I'd like to summarize above list. Expected result is like below list. Order of element in a vector doesn't matter here.

[[1]]
[1] "A" "B"

[[2]]
[1] "C" "D" "E"

[[3]]
[1] "F" "G"

[[4]]
[1] "H" "I"

[[5]]
[1] "J" "K"

(Rule 1) {A, B} is equivalent to {B, A}. To correspond this I think I can do this.

cbnl <- unique(lapply(cbnl, function(i) { sort(i) }))

(Rule 2) {A, B}, {B, C} (One of element is common) then take a union of two sets. It results {A, B, C}. I don't have clear nice idea to do this.

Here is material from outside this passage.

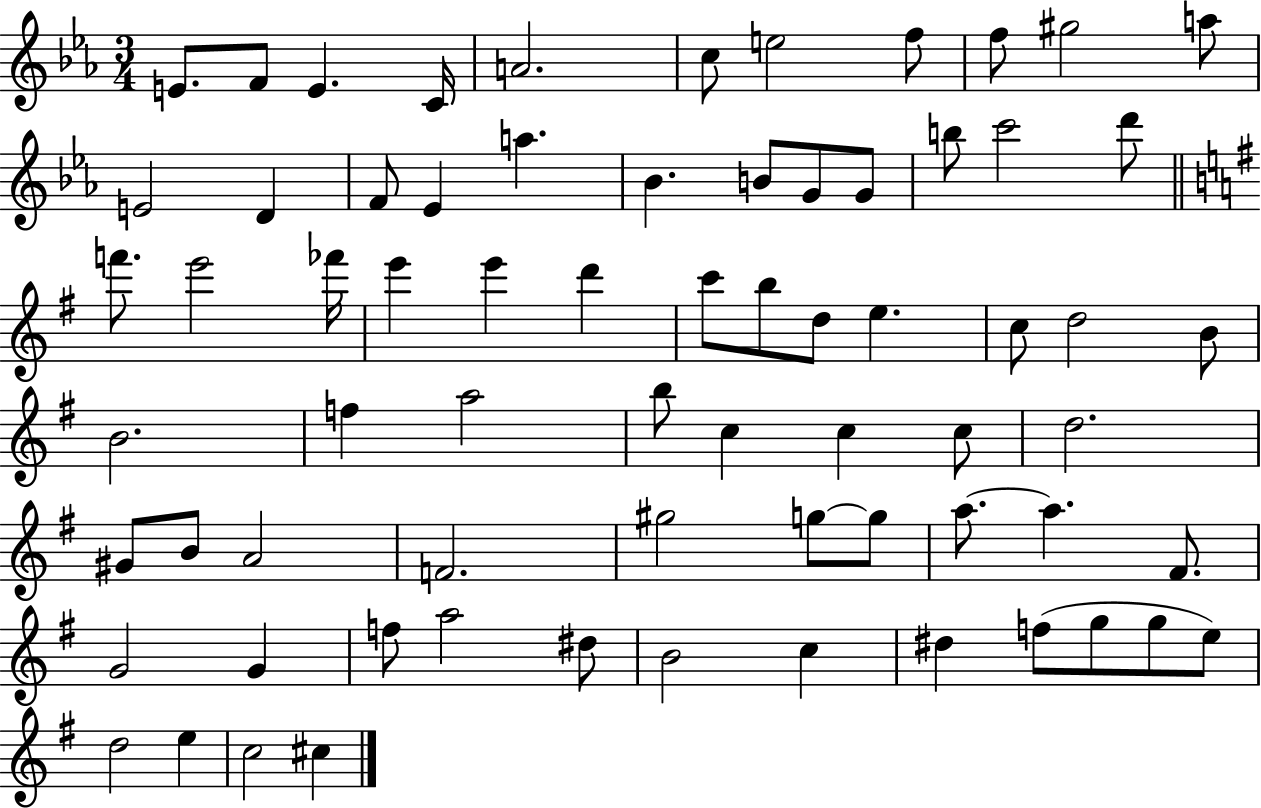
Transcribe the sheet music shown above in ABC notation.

Any efficient way to do this?

Superaltar answered 15/12, 2021 at 12:44 Comment(2)
Yes, it's essentially the same. From graph theory view point this can be thought as connections of nodes. Thank you for your point.Superaltar
I thought Merging Listed Vectors that share Elements in R is essentially the same, but R code doesn't work for this case. The answer here may not work for a list of numeric vectors.....Superaltar
W
7

I know this answer is more like a traditional programming rather than "R like" but it solves the issue.

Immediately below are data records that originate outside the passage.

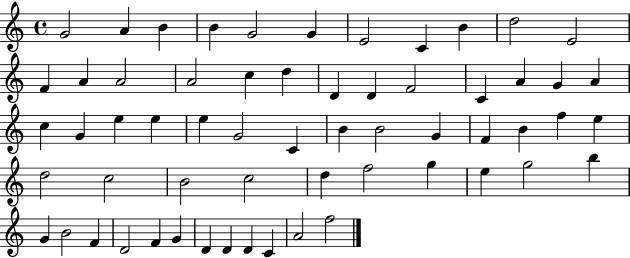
{
  \clef treble
  \time 4/4
  \defaultTimeSignature
  \key c \major
  g'2 a'4 b'4 | b'4 g'2 g'4 | e'2 c'4 b'4 | d''2 e'2 | \break f'4 a'4 a'2 | a'2 c''4 d''4 | d'4 d'4 f'2 | c'4 a'4 g'4 a'4 | \break c''4 g'4 e''4 e''4 | e''4 g'2 c'4 | b'4 b'2 g'4 | f'4 b'4 f''4 e''4 | \break d''2 c''2 | b'2 c''2 | d''4 f''2 g''4 | e''4 g''2 b''4 | \break g'4 b'2 f'4 | d'2 f'4 g'4 | d'4 d'4 d'4 c'4 | a'2 f''2 | \break \bar "|."
}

cbnl <- unique(lapply(cbnl, sort))

i <- 1
count <- 1
out <- list()

while (i <= length(cbnl) - 1) {
  if (sum(cbnl[[i]] %in% cbnl[[i + 1]]) == 0) {
    out[[count]] <- cbnl[[i]]
    } else {
      out[[count]] <- sort(unique(c(cbnl[[i]], cbnl[[i + 1]])))
      i <- i + 1        
    }
  count <- count + 1
  i <- i + 1 
}

out

gives,

[[1]]
[1] "A" "B"

[[2]]
[1] "C" "D" "E"

[[3]]
[1] "F" "G"

[[4]]
[1] "H" "I"

[[5]]
[1] "J" "K"
Wanderlust answered 15/12, 2021 at 12:58 Comment(1)
Great. Thank you for the answer. I got a expected result.Superaltar
D
6

You can try the following igraph option

library(igraph)

graph_from_data_frame(do.call(rbind, cbnl)) %>%
  components() %>%
  membership() %>%
  stack() %>%
  with(., split(as.character(ind), values))

which gives

$`1`
[1] "A" "B"

$`2`
[1] "C" "E" "D"

$`3`
[1] "F" "G"

$`4`
[1] "H" "I"

$`5`
[1] "J" "K"

A shorter one

graph_from_data_frame(do.call(rbind, cbnl)) %>%
  decompose() %>%
  Map(function(x) names(V(x)), .)

which gives

[[1]]
[1] "A" "B"

[[2]]
[1] "C" "E" "D"

[[3]]
[1] "F" "G"

[[4]]
[1] "H" "I"

[[5]]
[1] "J" "K"
Dilettante answered 15/12, 2021 at 12:59 Comment(5)
Oh, this is shorter command. Expected result comes out.Superaltar
@Superaltar you can find a shorter one in my updateDilettante
Thank you. Very simple code!!Superaltar
The funny thing is that few months ago I was searching for an algorithm / function to find records linked in this way and I remember I couldn't find an appropriate words to use in google (but I also didn't ask on SO) and now I see I should look around graph topic :D (I was sure that something like this must exists already!).Hyehyena
It sounds a good info. If you can provide what a exact name of topic is, please let me know.Superaltar
S
5

Base R: sorting union as FUN= in combn, then partly filling a matrix based on unique elements u and removing duplicated rows, and finally coercing as.list.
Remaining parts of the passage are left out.